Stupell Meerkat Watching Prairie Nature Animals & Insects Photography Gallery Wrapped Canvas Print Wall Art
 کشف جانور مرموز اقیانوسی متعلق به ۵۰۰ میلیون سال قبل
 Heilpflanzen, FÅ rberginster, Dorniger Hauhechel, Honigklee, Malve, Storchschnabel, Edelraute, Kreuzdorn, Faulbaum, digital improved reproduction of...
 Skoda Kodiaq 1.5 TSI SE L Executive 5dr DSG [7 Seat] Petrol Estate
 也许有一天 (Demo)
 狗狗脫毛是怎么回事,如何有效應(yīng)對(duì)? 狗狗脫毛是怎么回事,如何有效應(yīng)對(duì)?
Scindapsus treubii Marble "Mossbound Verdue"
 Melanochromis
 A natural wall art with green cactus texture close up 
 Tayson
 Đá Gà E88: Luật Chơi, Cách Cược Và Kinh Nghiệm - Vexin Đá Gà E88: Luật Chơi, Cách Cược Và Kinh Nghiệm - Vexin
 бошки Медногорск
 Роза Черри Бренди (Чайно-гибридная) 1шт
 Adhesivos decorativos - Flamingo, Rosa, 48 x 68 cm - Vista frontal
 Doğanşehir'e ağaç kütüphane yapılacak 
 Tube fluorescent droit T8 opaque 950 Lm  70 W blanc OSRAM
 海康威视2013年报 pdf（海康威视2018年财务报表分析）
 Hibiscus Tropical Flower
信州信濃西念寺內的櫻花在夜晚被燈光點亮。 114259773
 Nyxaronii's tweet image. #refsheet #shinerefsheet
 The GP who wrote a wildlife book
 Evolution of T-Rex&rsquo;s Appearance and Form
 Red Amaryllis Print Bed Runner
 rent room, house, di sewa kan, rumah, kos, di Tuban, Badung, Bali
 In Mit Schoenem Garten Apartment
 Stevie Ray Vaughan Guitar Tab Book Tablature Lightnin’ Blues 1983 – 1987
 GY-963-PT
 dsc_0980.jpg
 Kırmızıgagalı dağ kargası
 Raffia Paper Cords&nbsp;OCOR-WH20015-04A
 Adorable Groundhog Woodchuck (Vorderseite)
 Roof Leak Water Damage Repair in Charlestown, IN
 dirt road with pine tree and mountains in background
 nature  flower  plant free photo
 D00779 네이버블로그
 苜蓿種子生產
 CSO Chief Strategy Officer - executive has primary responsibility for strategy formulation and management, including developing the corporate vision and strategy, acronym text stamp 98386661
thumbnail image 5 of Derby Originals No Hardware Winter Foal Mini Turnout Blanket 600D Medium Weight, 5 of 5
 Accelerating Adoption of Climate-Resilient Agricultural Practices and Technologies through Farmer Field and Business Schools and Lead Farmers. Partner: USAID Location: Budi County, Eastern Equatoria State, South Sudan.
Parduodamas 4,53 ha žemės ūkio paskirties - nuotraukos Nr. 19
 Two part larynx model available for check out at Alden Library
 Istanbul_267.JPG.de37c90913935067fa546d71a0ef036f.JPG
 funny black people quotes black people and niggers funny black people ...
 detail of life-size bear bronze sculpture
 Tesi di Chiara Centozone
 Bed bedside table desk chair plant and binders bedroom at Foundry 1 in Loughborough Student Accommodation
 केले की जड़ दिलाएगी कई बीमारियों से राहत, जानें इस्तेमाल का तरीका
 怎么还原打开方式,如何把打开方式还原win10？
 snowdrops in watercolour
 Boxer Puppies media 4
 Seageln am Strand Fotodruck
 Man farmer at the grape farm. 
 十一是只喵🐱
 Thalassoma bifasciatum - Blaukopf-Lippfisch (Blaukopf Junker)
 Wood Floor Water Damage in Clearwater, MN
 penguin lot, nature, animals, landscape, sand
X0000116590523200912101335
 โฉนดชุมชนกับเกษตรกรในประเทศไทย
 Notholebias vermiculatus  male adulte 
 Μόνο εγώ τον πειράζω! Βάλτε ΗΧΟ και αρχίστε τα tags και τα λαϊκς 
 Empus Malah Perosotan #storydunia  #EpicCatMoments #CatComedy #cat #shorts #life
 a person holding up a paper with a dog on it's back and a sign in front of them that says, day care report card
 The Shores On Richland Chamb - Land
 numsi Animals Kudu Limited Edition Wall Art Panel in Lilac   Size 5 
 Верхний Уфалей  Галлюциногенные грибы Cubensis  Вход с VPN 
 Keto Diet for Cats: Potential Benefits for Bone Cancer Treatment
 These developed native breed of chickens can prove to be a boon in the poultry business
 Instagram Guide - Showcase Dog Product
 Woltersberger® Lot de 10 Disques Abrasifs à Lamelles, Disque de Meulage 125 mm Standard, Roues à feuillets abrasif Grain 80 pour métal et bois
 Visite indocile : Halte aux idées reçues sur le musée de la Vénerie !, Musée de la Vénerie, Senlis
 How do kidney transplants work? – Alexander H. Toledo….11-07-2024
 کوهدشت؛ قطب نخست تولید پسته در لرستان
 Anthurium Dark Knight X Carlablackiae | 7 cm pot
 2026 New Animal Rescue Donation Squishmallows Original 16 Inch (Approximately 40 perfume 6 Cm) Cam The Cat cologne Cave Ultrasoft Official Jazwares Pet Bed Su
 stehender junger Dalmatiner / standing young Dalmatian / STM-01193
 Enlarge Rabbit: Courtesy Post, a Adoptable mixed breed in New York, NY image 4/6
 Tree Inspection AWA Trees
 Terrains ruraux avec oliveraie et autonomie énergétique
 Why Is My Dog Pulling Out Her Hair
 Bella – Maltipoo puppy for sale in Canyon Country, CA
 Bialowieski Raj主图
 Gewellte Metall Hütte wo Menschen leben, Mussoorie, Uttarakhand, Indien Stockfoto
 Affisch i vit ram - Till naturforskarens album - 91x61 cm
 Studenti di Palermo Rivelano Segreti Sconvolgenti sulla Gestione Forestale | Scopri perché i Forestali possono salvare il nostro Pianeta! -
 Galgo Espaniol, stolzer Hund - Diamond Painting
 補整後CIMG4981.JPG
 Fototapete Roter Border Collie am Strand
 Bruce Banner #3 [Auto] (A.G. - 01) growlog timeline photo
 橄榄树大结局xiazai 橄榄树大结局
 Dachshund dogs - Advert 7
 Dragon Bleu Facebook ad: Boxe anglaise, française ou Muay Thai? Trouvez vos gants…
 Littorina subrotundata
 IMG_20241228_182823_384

++++++++

### Instructions for the task
Word for word, reproduce every line of the data.

### Exercise solution
Stupell Meerkat Watching Prairie Nature Animals & Insects Photography Gallery Wrapped Canvas Print Wall Art
 کشف جانور مرموز اقیانوسی متعلق به ۵۰۰ میلیون سال قبل
 Heilpflanzen, FÅ rberginster, Dorniger Hauhechel, Honigklee, Malve, Storchschnabel, Edelraute, Kreuzdorn, Faulbaum, digital improved reproduction of...
 Skoda Kodiaq 1.5 TSI SE L Executive 5dr DSG [7 Seat] Petrol Estate
 也许有一天 (Demo)
 狗狗脫毛是怎么回事,如何有效應(yīng)對(duì)? 狗狗脫毛是怎么回事,如何有效應(yīng)對(duì)?
Scindapsus treubii Marble "Mossbound Verdue"
 Melanochromis
 A natural wall art with green cactus texture close up 
 Tayson
 Đá Gà E88: Luật Chơi, Cách Cược Và Kinh Nghiệm - Vexin Đá Gà E88: Luật Chơi, Cách Cược Và Kinh Nghiệm - Vexin
 бошки Медногорск
 Роза Черри Бренди (Чайно-гибридная) 1шт
 Adhesivos decorativos - Flamingo, Rosa, 48 x 68 cm - Vista frontal
 Doğanşehir'e ağaç kütüphane yapılacak 
 Tube fluorescent droit T8 opaque 950 Lm  70 W blanc OSRAM
 海康威视2013年报 pdf（海康威视2018年财务报表分析）
 Hibiscus Tropical Flower
信州信濃西念寺內的櫻花在夜晚被燈光點亮。 114259773
 Nyxaronii's tweet image. #refsheet #shinerefsheet
 The GP who wrote a wildlife book
 Evolution of T-Rex&rsquo;s Appearance and Form
 Red Amaryllis Print Bed Runner
 rent room, house, di sewa kan, rumah, kos, di Tuban, Badung, Bali
 In Mit Schoenem Garten Apartment
 Stevie Ray Vaughan Guitar Tab Book Tablature Lightnin’ Blues 1983 – 1987
 GY-963-PT
 dsc_0980.jpg
 Kırmızıgagalı dağ kargası
 Raffia Paper Cords&nbsp;OCOR-WH20015-04A
 Adorable Groundhog Woodchuck (Vorderseite)
 Roof Leak Water Damage Repair in Charlestown, IN
 dirt road with pine tree and mountains in background
 nature  flower  plant free photo
 D00779 네이버블로그
 苜蓿種子生產
 CSO Chief Strategy Officer - executive has primary responsibility for strategy formulation and management, including developing the corporate vision and strategy, acronym text stamp 98386661
thumbnail image 5 of Derby Originals No Hardware Winter Foal Mini Turnout Blanket 600D Medium Weight, 5 of 5
 Accelerating Adoption of Climate-Resilient Agricultural Practices and Technologies through Farmer Field and Business Schools and Lead Farmers. Partner: USAID Location: Budi County, Eastern Equatoria State, South Sudan.
Parduodamas 4,53 ha žemės ūkio paskirties - nuotraukos Nr. 19
 Two part larynx model available for check out at Alden Library
 Istanbul_267.JPG.de37c90913935067fa546d71a0ef036f.JPG
 funny black people quotes black people and niggers funny black people ...
 detail of life-size bear bronze sculpture
 Tesi di Chiara Centozone
 Bed bedside table desk chair plant and binders bedroom at Foundry 1 in Loughborough Student Accommodation
 केले की जड़ दिलाएगी कई बीमारियों से राहत, जानें इस्तेमाल का तरीका
 怎么还原打开方式,如何把打开方式还原win10？
 snowdrops in watercolour
 Boxer Puppies media 4
 Seageln am Strand Fotodruck
 Man farmer at the grape farm. 
 十一是只喵🐱
 Thalassoma bifasciatum - Blaukopf-Lippfisch (Blaukopf Junker)
 Wood Floor Water Damage in Clearwater, MN
 penguin lot, nature, animals, landscape, sand
X0000116590523200912101335
 โฉนดชุมชนกับเกษตรกรในประเทศไทย
 Notholebias vermiculatus  male adulte 
 Μόνο εγώ τον πειράζω! Βάλτε ΗΧΟ και αρχίστε τα tags και τα λαϊκς 
 Empus Malah Perosotan #storydunia  #EpicCatMoments #CatComedy #cat #shorts #life
 a person holding up a paper with a dog on it's back and a sign in front of them that says, day care report card
 The Shores On Richland Chamb - Land
 numsi Animals Kudu Limited Edition Wall Art Panel in Lilac   Size 5 
 Верхний Уфалей  Галлюциногенные грибы Cubensis  Вход с VPN 
 Keto Diet for Cats: Potential Benefits for Bone Cancer Treatment
 These developed native breed of chickens can prove to be a boon in the poultry business
 Instagram Guide - Showcase Dog Product
 Woltersberger® Lot de 10 Disques Abrasifs à Lamelles, Disque de Meulage 125 mm Standard, Roues à feuillets abrasif Grain 80 pour métal et bois
 Visite indocile : Halte aux idées reçues sur le musée de la Vénerie !, Musée de la Vénerie, Senlis
 How do kidney transplants work? – Alexander H. Toledo….11-07-2024
 کوهدشت؛ قطب نخست تولید پسته در لرستان
 Anthurium Dark Knight X Carlablackiae | 7 cm pot
 2026 New Animal Rescue Donation Squishmallows Original 16 Inch (Approximately 40 perfume 6 Cm) Cam The Cat cologne Cave Ultrasoft Official Jazwares Pet Bed Su
 stehender junger Dalmatiner / standing young Dalmatian / STM-01193
 Enlarge Rabbit: Courtesy Post, a Adoptable mixed breed in New York, NY image 4/6
 Tree Inspection AWA Trees
 Terrains ruraux avec oliveraie et autonomie énergétique
 Why Is My Dog Pulling Out Her Hair
 Bella – Maltipoo puppy for sale in Canyon Country, CA
 Bialowieski Raj主图
 Gewellte Metall Hütte wo Menschen leben, Mussoorie, Uttarakhand, Indien Stockfoto
 Affisch i vit ram - Till naturforskarens album - 91x61 cm
 Studenti di Palermo Rivelano Segreti Sconvolgenti sulla Gestione Forestale | Scopri perché i Forestali possono salvare il nostro Pianeta! -
 Galgo Espaniol, stolzer Hund - Diamond Painting
 補整後CIMG4981.JPG
 Fototapete Roter Border Collie am Strand
 Bruce Banner #3 [Auto] (A.G. - 01) growlog timeline photo
 橄榄树大结局xiazai 橄榄树大结局
 Dachshund dogs - Advert 7
 Dragon Bleu Facebook ad: Boxe anglaise, française ou Muay Thai? Trouvez vos gants…
 Littorina subrotundata
 IMG_20241228_182823_384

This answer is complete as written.